The Botetourt Chamber Singers opened the concert with “O Radiant Dawn” by James MacMillan. Reflecting on their performance, Vice President of the Botetourt Singers Katherine Beale ’25 acknowledged the choir’s newest piece of added repertoire by Caroline Shaw, describing the advanced and difficult nature of Shaw’s composition.
“It took a lot of rehearsal,” Beale said. “It’s in eight parts the entire time because it’s a two-choir piece, so we were divided up more than we usually are on any piece. That was definitely a challenge, but I’m really proud of everyone because I think we met it head-on.”
Guest conductor Dr. Daniel Parks led the choirs throughout the concert. He gave the starting pitch to the ensembles and directed the pieces. However, his role is much more extensive in the classroom as the ensembles prepare for their concerts throughout the year. Parks mentioned the excitement of performing in a concert and emphasized the importance and value of the rehearsal process to the choral ensembles at the College.
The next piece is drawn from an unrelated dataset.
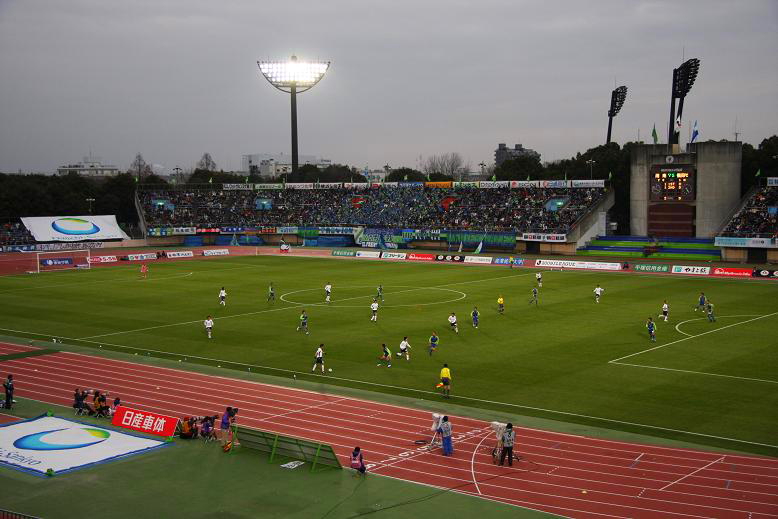 e0144264_23374278.jpg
“I would say my favorite thing is rehearsal,” Parks said. “I love being in rehearsal with the ensembles and the students in them.”
Parks detailed his job as a conductor, explaining that his role includes choosing a balanced set list, and interpreting the music, while also incorporating teamwork and building community within the choral ensembles.
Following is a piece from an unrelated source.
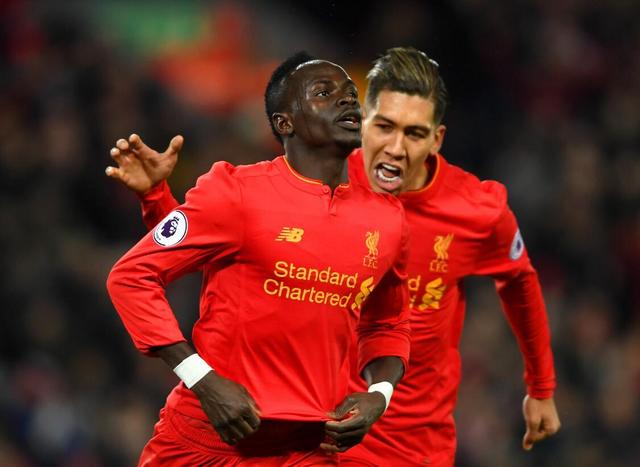 这场比赛对 这场比赛对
“I hope everyone takes away from hearing the William and Mary choral ensembles, beyond any song that we’re singing, the inspiration of seeing young artists discovering their voices, learning about music, and building that community that comes from singing together,” Parks said.
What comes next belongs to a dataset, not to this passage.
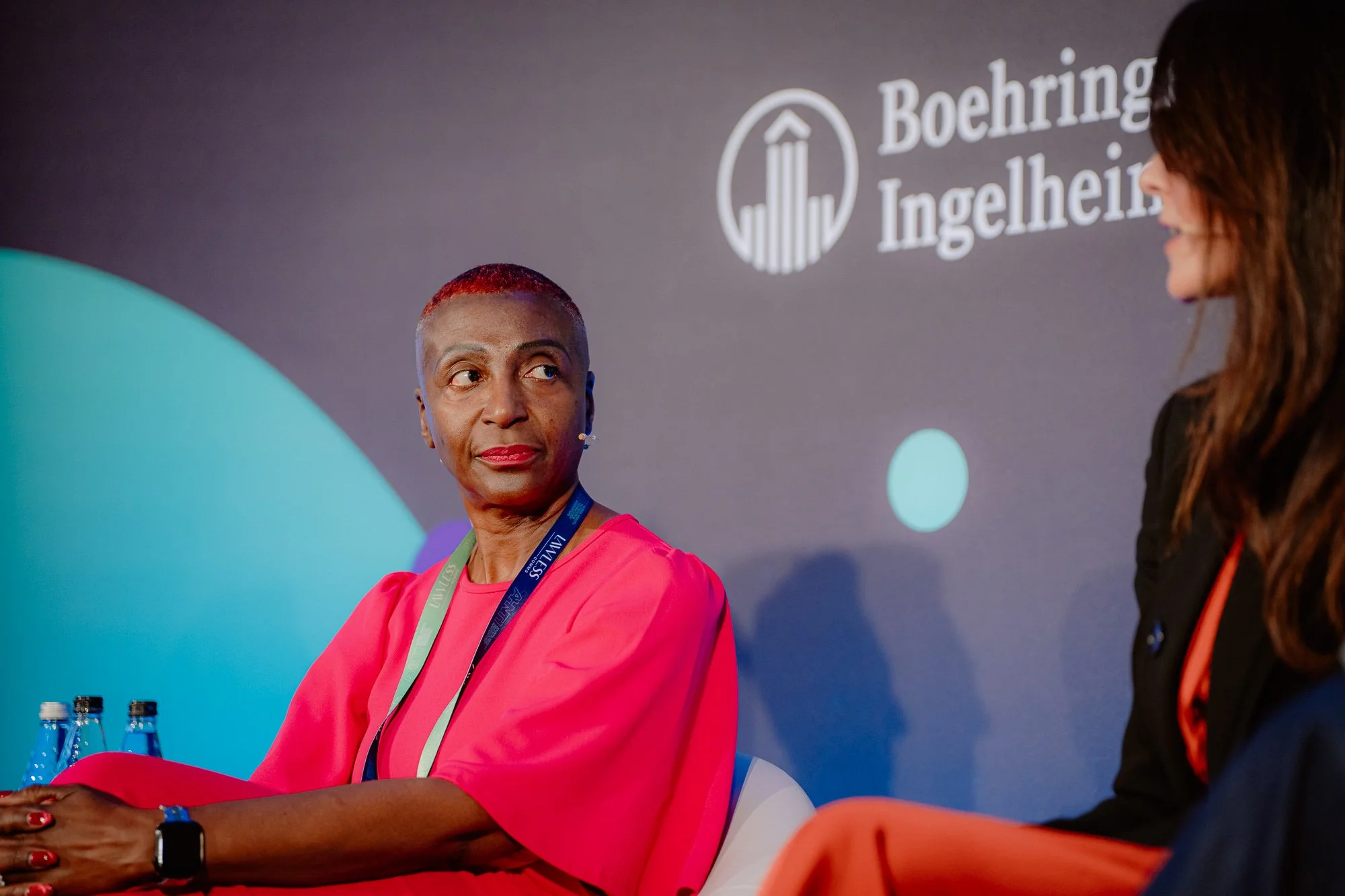 AHNTI-EU-2026-[Web-96dpi] -361.JPG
Parks explained the range of modern and ancient languages the choirs learned how to sing. The Barksdale Treble Chorus sang in English, Spanish and Latin. Likewise, the Botetourt Singers sang in English, Spanish, Haitian Creole and Latin. Parks said that he prioritizes selecting music that showcases the versatility of the choirs.
Furthermore, Parks detailed his personal priority in performing music that showcases composers from traditionally underrepresented groups. He said that music in the Spanish language has been historically pushed aside in America, and he works to counteract that as a conductor in choosing a variety of music.
“The Spanish language is a major language in the United States,” Parks said. “Music that’s in Spanish from composers all over the world is something that is often overlooked in choral ensembles in the United States. So, performing great music that’s in Spanish is a priority that I have. I’m prioritizing pieces that are written by women composers and people of color.”
Attendee Dr. Tiffany Hardy ’95 recounted her experience as a member of the audience and mentioned Parks’ selections as well as the versatility of the musicians.
“I loved how the director selected a variety of pieces that really showcased the different depths of the voices,” Hardy said. “So even though they were connected by common themes, there was a significant variety in tempo and sound.”
The Barksdale Treble Chorus was featured in the second half of the concert. They began their set with “Rise Up My Love,” by Eleanor Daley and moved through their set as chorus members were featured as soloists and percussionists. The final song featured Hardy’s daughter, Victoria Sanzo-Hardy ’23 as soprano soloist on the song “Tundra” by Ola Gjeilo.
Hardy was moved by the coming together of the College community at this concert. She recounted her favorite moments of the evening and the pride she felt as a mom.
“The pride you hear in their voices when they sing the alma mater is phenomenal,” Hardy said. “And it just makes me very proud to see the tradition continue in such an exemplary fashion.”
The audience joined both ensembles in singing the College’s “Alma Mater” with pride, and the evening ended with sustained and joyful applause from the audience.